From 3972e18e98ded0c20964109f6e7a9140290bee93 Mon Sep 17 00:00:00 2001
From: Neil Booth <kyuupichan@gmail.com>
Date: Tue, 8 Nov 2016 23:16:12 +0900
Subject: [PATCH] Move the rest of fs_cache into BlockProcessor

---
 server/block_processor.py | 110 +++++++++++++++++++++++---------------
 server/db.py              |  84 +++++++++++------------------
 2 files changed, 98 insertions(+), 96 deletions(-)

diff --git a/server/block_processor.py b/server/block_processor.py
index 679bc05..a34e6cd 100644
--- a/server/block_processor.py
+++ b/server/block_processor.py
@@ -298,6 +298,11 @@ class BlockProcessor(server.db.DB):
         daemon and a new block arrives or the mempool is updated.'''
         super().__init__(env)
 
+        # These are our state as we move ahead of DB state
+        self.height = self.db_height
+        self.tip = self.db_tip
+        self.tx_count = self.db_tx_count
+
         self.daemon = Daemon(env.daemon_url, env.debug)

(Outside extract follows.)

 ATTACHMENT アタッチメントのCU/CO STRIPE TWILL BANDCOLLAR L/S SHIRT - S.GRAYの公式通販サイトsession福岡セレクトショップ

         self.daemon.debug_set_height(self.height)
         self.mempool = MemPool(self)
@@ -317,8 +322,10 @@ class BlockProcessor(server.db.DB):
         self.last_flush = time.time()
         self.last_flush_tx_count = self.tx_count
 
-        # UTXO cache
+        # Caches of unflushed items
         self.utxo_cache = UTXOCache(self.get_tx_hash, self.db, self.coin)

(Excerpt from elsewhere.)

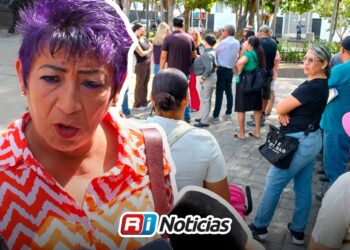 Impiden acceso a tianguistas al Ayuntamiento; buscaban manifestarse por irregularidades en la Flores Magón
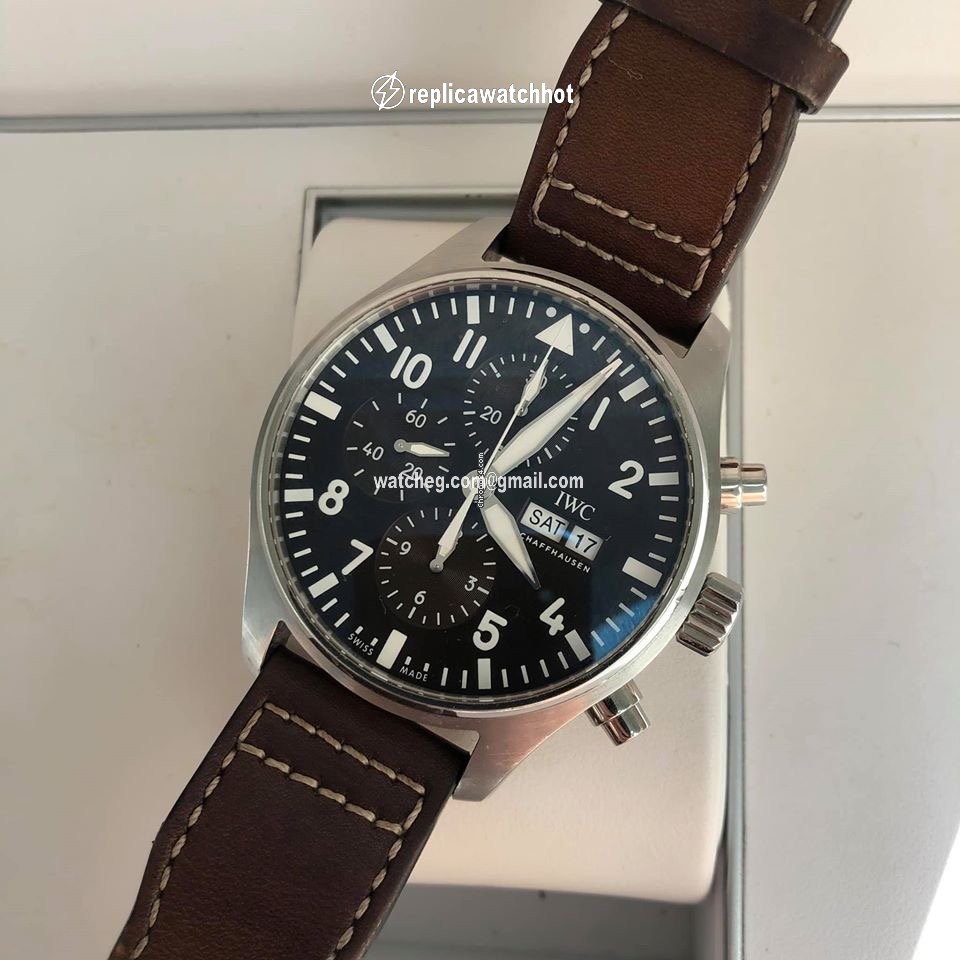 IWC Pilot Chronograph Mens watch Unisex Automatic Steel IW377713 2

+        self.headers = []
+        self.tx_hashes = []
 
         # Log state
         self.logger.info('{}/{} height: {:,d} tx count: {:,d} '
@@ -413,7 +420,7 @@ class BlockProcessor(server.db.DB):
         start = self.height - 1
         count = 1
         while start > 0:
-            hashes = self.block_hashes(start, count)

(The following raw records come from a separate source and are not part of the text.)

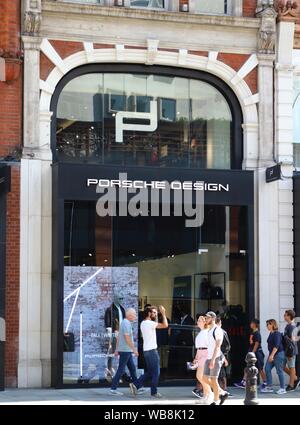 Porsche Design store lungo Brompton Road tra i marchi di lusso a Londra del prestigio dell'area dello shopping di Knightsbridge. Foto Stock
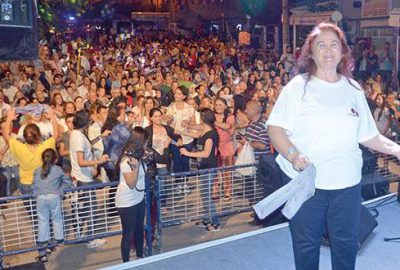 Sabahat Akkiraz Mudanya’yı coşturdu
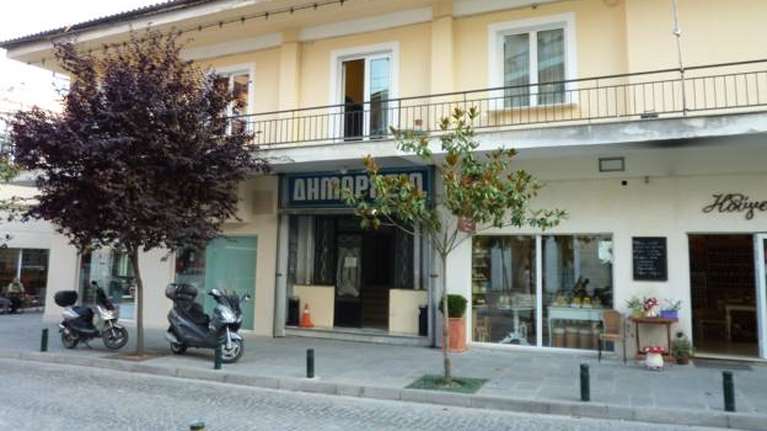 Ξύλο στα Γρεβενά για το πρόγραμμα φιλοξενίας προσφύγων: Έδειραν τον αντιδήμαρχο μέσα στο γραφείο του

+            hashes = self.fs_block_hashes(start, count)
             hex_hashes = [hash_to_str(hash) for hash in hashes]
             d_hex_hashes = await self.daemon.block_hex_hashes(start, count)
             n = match_pos(hex_hashes, d_hex_hashes)
@@ -430,7 +437,7 @@ class BlockProcessor(server.db.DB):
                          'height {:,d} to height {:,d}'
                          .format(count, start, start + count - 1))
 
-        return self.block_hashes(start, count)
+        return self.fs_block_hashes(start, count)
 
     def clean_db(self):
         '''Clean out stale DB items.
@@ -504,9 +511,6 @@ class BlockProcessor(server.db.DB):
                                  self.height - self.db_height))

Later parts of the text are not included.